On Thursday evening, October 6, MIT celebrated over 30 years of the strange and marvelous experimental fiction by the Chinese avant-garde writer Can Xue. Can Xue (which translates as the dirty snow that refuses to melt) is recognized as one of the most experimental writers in the world.

 

Helen Lee, director of Women’s and Gender Studies, introduced the “re-Vision Women Writers Reading Series.” Min-Min Liang, from Global Studies and Languages Section, introduced Can Xue. The guest writers, Porochista Khakpour and John Donatich, and Can Xue each read sections of Can Xue’s work, followed by a lively Q&A in which the audience interacted directly with Can Xue.

The event, which was hosted by Global Studies and Languages Department, was also part of the “re-Vision Women Writers Reading Series,” presented by MIT’s Women’s and Gender Studies and Pen New England; and the MIT Talk series sponsored by the Chinese Students and Scholars Association. The event came about by the combined efforts of many sponsors, including MIT Global Studies and Languages, Women’s and Gender Studies, PEN New England, the Office of the Associate Provost, Literature at MIT, the MIT Libraries, and the Chinese Students and Scholars Association. It was also funded in part by the Council for the Arts at MIT. The event was organized by Min-Min Liang, Chinese Lecturer at Global Studies and Languages department, and Jonathan Griffith, Assistant Director of the MIT-SUTD Collaboration. More than 100 people from MIT community and other communities from the greater Boston area packed an overflow room to see and interact with this well-known Chinese writer who has been uncompromising in her writing and her art for more than thirty years.

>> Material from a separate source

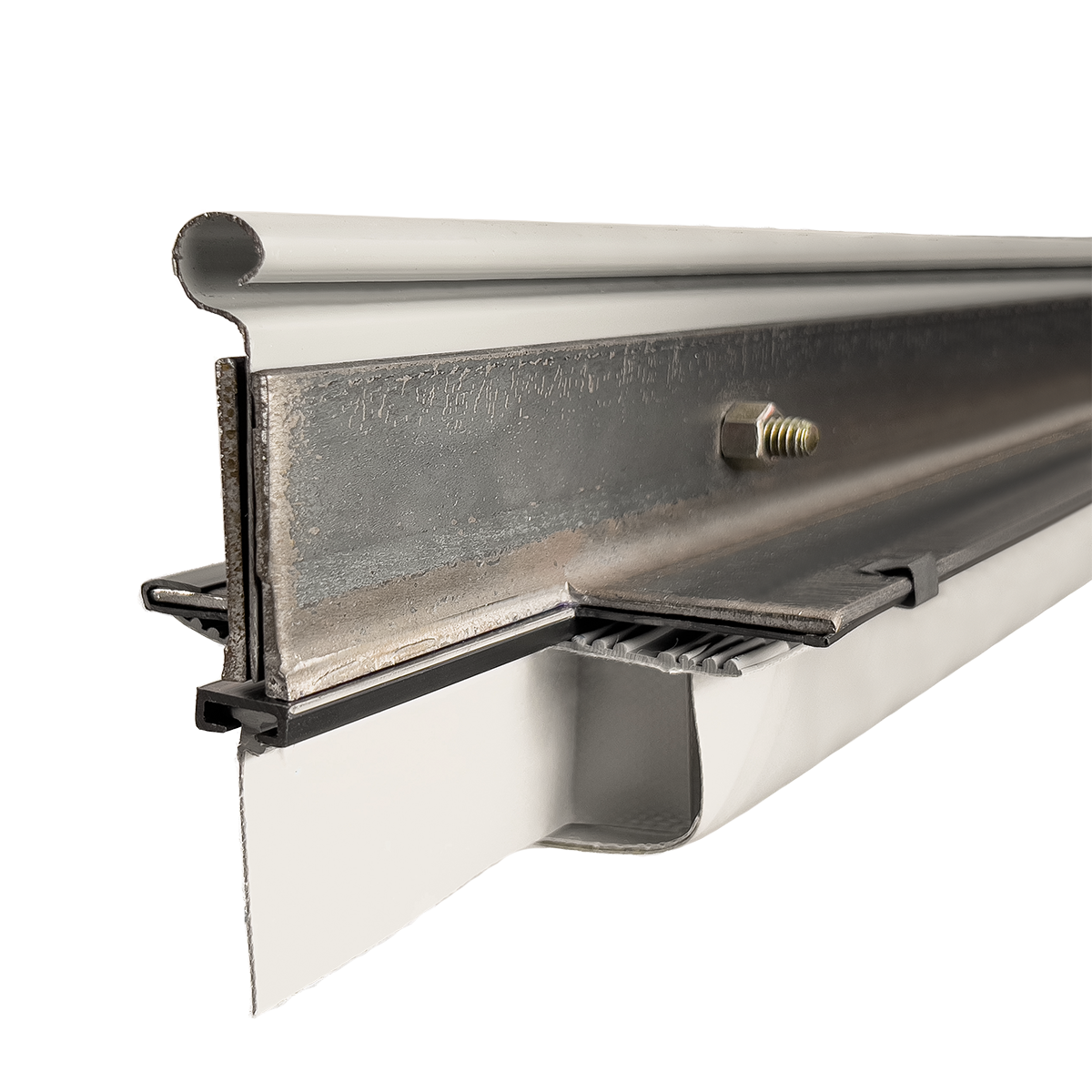 MC22-C7-K5 Mounting Channel Kit for 2" Double-Angle Bottom Bars for MC22 and MC271 Edges, 5-feet.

Can Xue began to write in the early 1980s. She describes her works as “soul literature” or “life literature.” Born in 1953 in Changsha City Hunan Province China, Can Xue is the author of many short works of fiction, novels and volumes of literary criticism. Seven of her works have been published in English, including her novel The last Lover (Yale University Press, 2014), the winner of the prestigious 2015 Best Translated Book Award for Fiction. She is also the finalist for the 24th Neustadt Prize for Literature, America’s most important literary prize for international writers. Joining to celebrate Can Xue were Porochista Khakpour, author of The Last Illusion and Writer in Residence at Bard College, and John Donatich, author of The Variations and Director of Yale University Press.